BEGIN RECORDS TO PROCESS

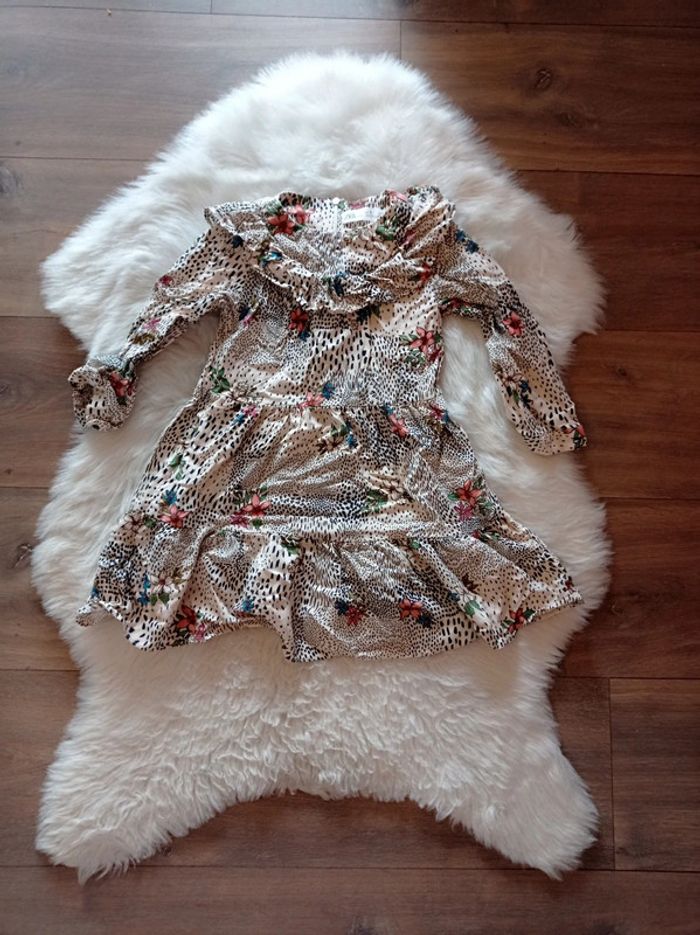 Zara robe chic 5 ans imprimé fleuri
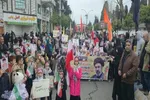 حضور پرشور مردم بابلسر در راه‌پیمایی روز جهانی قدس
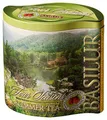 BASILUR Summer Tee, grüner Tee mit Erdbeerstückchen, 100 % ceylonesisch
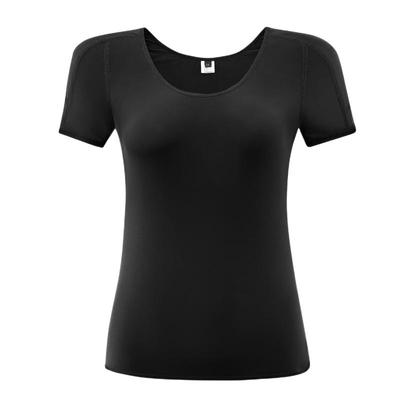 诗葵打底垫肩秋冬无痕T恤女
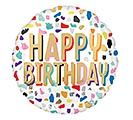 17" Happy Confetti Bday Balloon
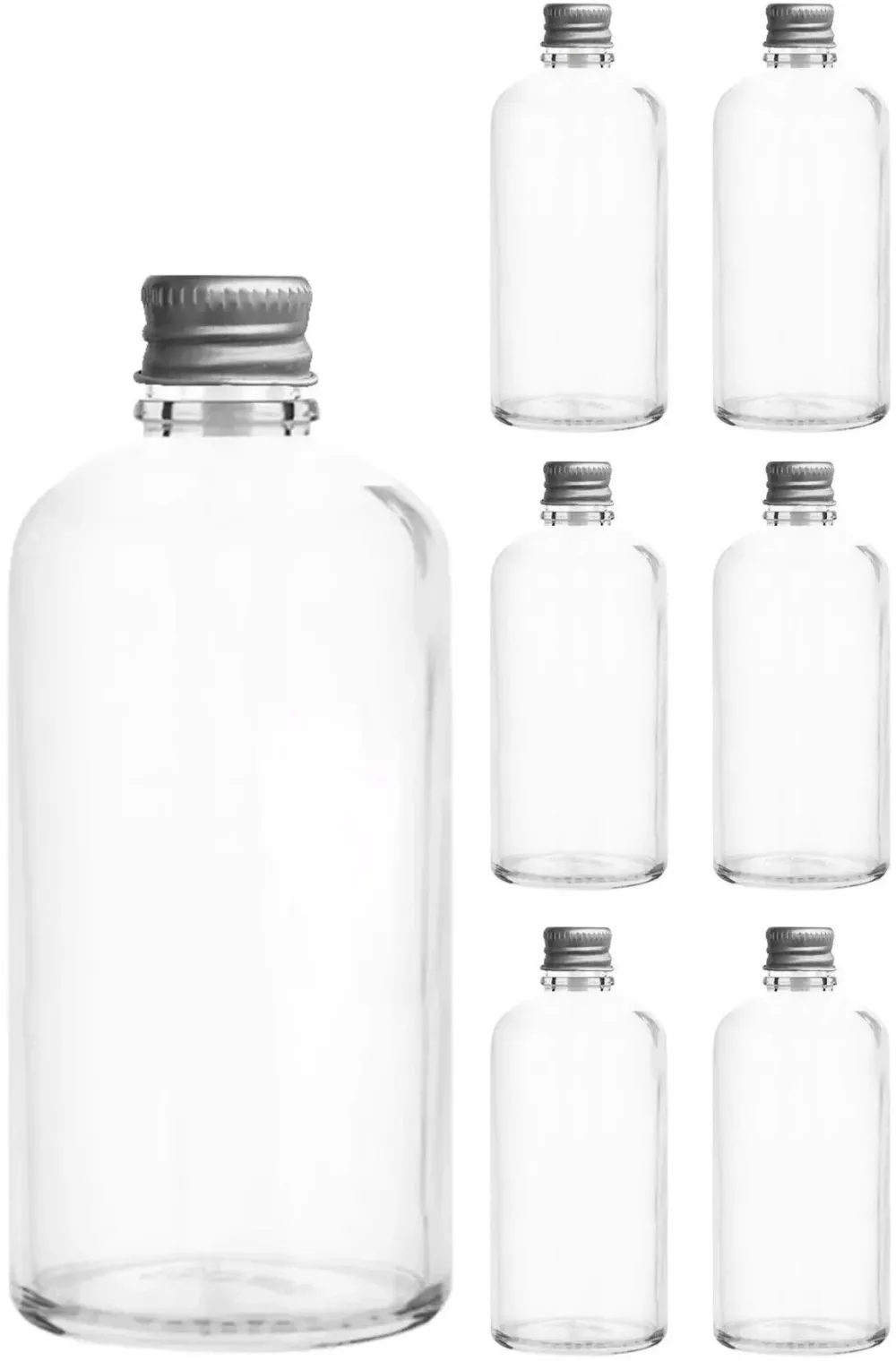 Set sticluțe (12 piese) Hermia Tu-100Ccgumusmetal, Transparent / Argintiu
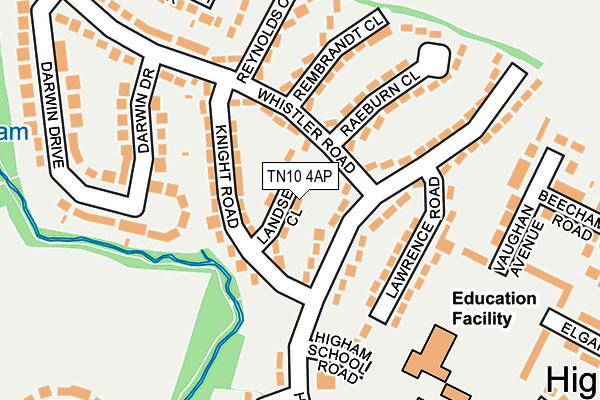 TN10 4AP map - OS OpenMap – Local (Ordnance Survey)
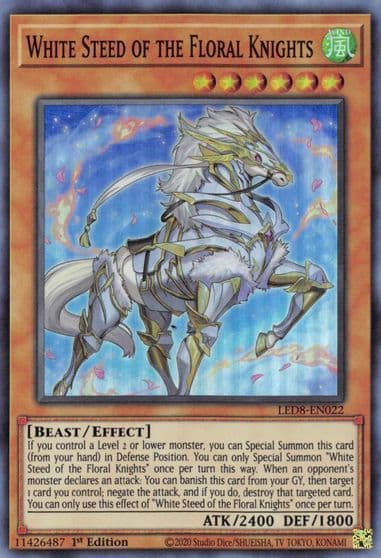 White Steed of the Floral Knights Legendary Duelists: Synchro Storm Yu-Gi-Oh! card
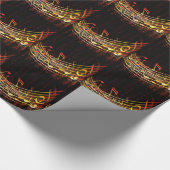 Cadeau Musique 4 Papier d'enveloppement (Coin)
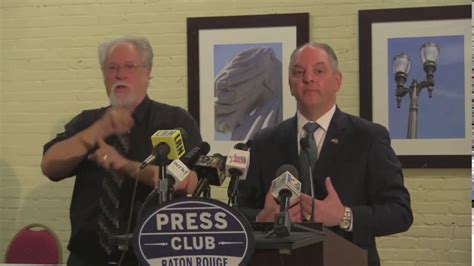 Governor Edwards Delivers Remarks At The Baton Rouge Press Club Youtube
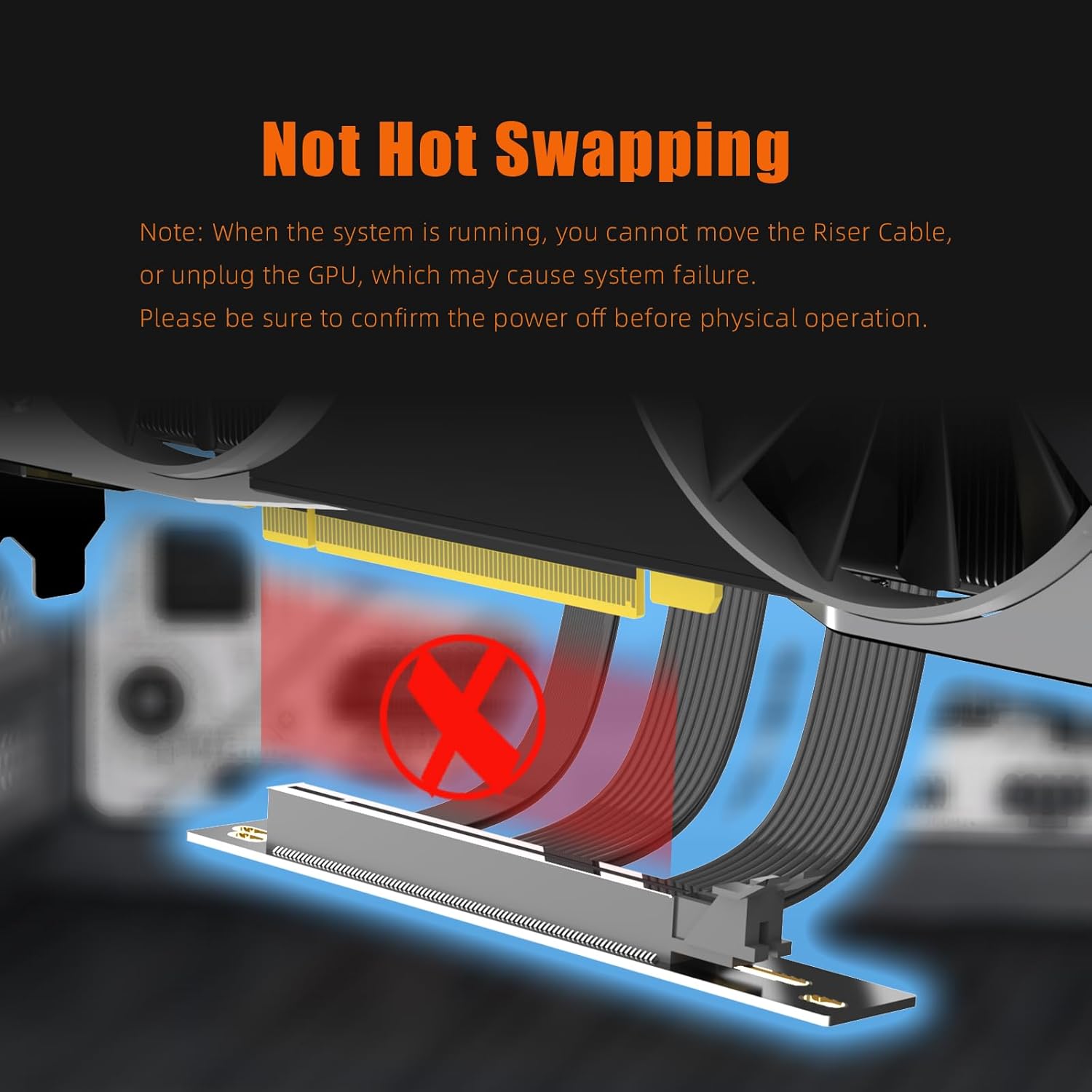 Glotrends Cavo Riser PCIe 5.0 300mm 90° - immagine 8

END RECORDS TO PROCESS

Write out every line above exactly, minus images.

SOLVED EXERCISE:
 Zara robe chic 5 ans imprimé fleuri
 حضور پرشور مردم بابلسر در راه‌پیمایی روز جهانی قدس
 BASILUR Summer Tee, grüner Tee mit Erdbeerstückchen, 100 % ceylonesisch
 诗葵打底垫肩秋冬无痕T恤女
 17" Happy Confetti Bday Balloon
 Set sticluțe (12 piese) Hermia Tu-100Ccgumusmetal, Transparent / Argintiu
 TN10 4AP map - OS OpenMap – Local (Ordnance Survey)
 White Steed of the Floral Knights Legendary Duelists: Synchro Storm Yu-Gi-Oh! card
 Cadeau Musique 4 Papier d'enveloppement (Coin)
 Governor Edwards Delivers Remarks At The Baton Rouge Press Club Youtube
 Glotrends Cavo Riser PCIe 5.0 300mm 90° - immagine 8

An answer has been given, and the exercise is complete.